Ela sabe que “começar” significa mobilizar uma equipe que ainda não foi liberada, depender de aprovações do cliente e de fornecedores terceiros. Sabe também que a concorrência prometeu o mesmo, por um preço menor. Mas a sala de guerra vibra. Alguém sopra: “diz ok e a gente dá um jeito.” Júlia respira e escreve uma sentença que não deveria escrever: “Começamos na semana que vem, sem impacto no prazo total”.
Trinta dias depois, a equipe trabalha à noite, o cliente desconfia de tudo, a diretoria pergunta onde erramos. O erro não foi de caráter; foi de ritmo. A promessa correu mais rápido que a verificação.
Este meu artigo é um alerta para gestores comerciais e de operações. Não parte da premissa de má‑fé: trata do desvio que surge quando a pressão por metas, fins de trimestre e sobrevivência do mês empurra a equipe a prometer além da capacidade real de entrega. O objetivo é oferecer um caminho prático para preservar reputação, margem e relações de longo prazo.
Em ambientes competitivos, com metas crescentes e custos subindo, não é raro ver profissionais corretos recorrerem a atalhos discursivos.
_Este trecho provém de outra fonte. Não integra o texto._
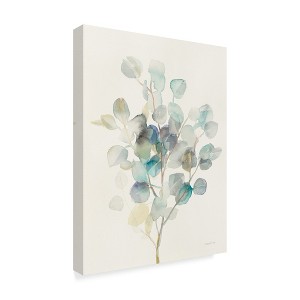 Trademark Fine Art -Danhui Nai 'Eucalyptus III' Canvas Art - 1 of 3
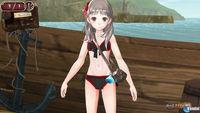 Atelier Totori Plus: The Adventurer of Arland 2 PSN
A fronteira é sutil: uma frase otimista demais em uma reunião, um adjetivo que vira compromisso, uma suposição mal checada que se transforma em cláusula implícita, uma promessa que deixa margnen de interpretação,
O fenômeno aparece em todos os segmentos: consultorias que “garantem” economia expressiva antes de analisar dados, assessorarias de fusões e aquisições que prometem compradores já alinhados sem cartas de interesse, fornecedores de energia que anunciam preço fixo com reajustes escondidos, treinamentos que insinuam garantia de desempenho, em seguros com exclusões importantes enterradas em anexos, contratos jurídicos vendidos sendo que o operacional não está preparado, obras que partem de cronogramas sem contingência e fornecimento industrial com estoques “garantidos” sem política formal de reserva.
Sim, no B2B há vendas enganosas. Nada comparado ao que acontece nas vendas ao consumidor final, passando pela famosa “Black Fraude” até as dietas mirabolantes e treinos de academia que farão você ter o corpo invejável em 2 meses. Basta você se atentar para o feed do seu Instagram. Muitas promessas descaradamente enganosas.
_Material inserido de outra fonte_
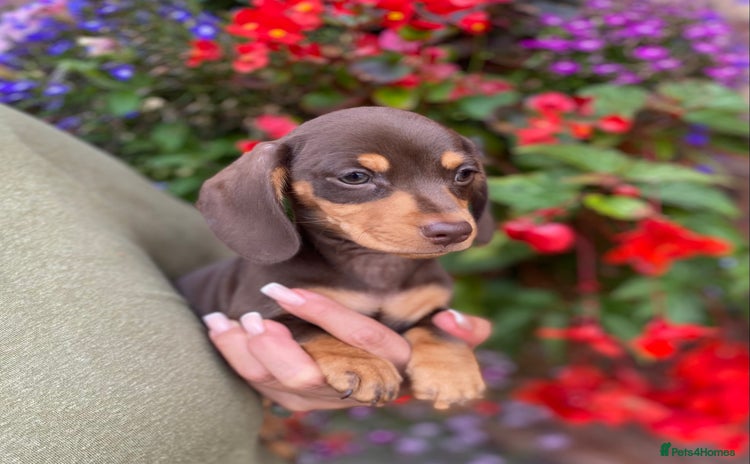 Miniature Dachshund dogs - Advert 1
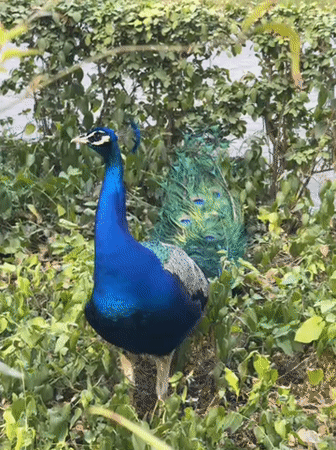 Madrid witnesses report peacocks, rollerblader, architecture in afternoon sightings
Mas no B2B, o problema das vendas enganosas tem um outro ângulo, mais sutil.
Hoje vamos dissecar esse animal.
A origem, quase sempre, é um conjunto de incentivos e crenças internas: comissão concentrada em fechamentos; metas trimestrais sem freios de qualidade; marketing e vendas usando promessas vagas; líderes celebrando o número fechado, mas silenciando o custo operacional que virá.
Quando a narrativa interna valoriza o herói que “gera” vendas, a prudência vira vilã. Sempre lembro daquele famigerado sininho nas salas de telemarketing ativo tocando quando alguém faz (empurra) uma venda. “Vamos vender, pessoal”, “Vamos bater a meta, falta pouco!” E na parede, os prêmios reluzentes que vão para o campeão do mês.
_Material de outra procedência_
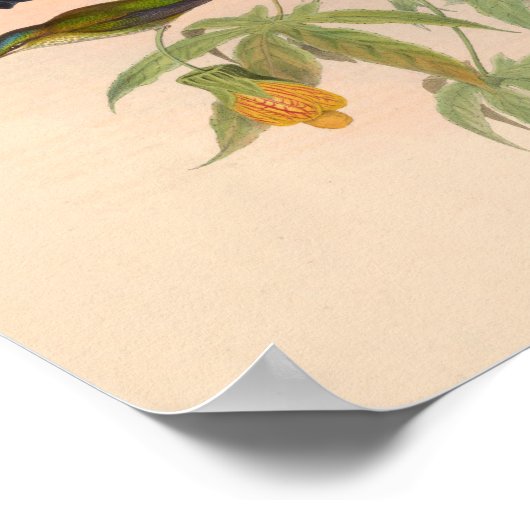  vogelplukkers poster (Hoek)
Essa cultura incentiva as vendas mal feitas, empurradas e de baixa qualidade. Em todos os mercados. Vendas travestidas com promessas minimamente duvidosas.
Um caso recorrente é o mercado de geração de leads, o meu mercado.
Multiplicam‑se ofertas que prometem “automação total”, “substituição do ser humano” e “agendamento de dezenas de reuniões mensalmente” sem qualquer estudo prévio da competitividade do mercado, do ticket médio, do ciclo de compra, do diferencial da oferta e do nível de maturidade do cliente.
Dizem que vão te entregar 50 reuniões por mês, mas escondem que a “automação” nada mais é que uma IA que recebe leads de tráfego pago, e que para gerar esse volume você terá que investir 30 mil reais por mês. E também nada falam da qualidade desses leads e de sua propensão a converter. E tem gente que cai.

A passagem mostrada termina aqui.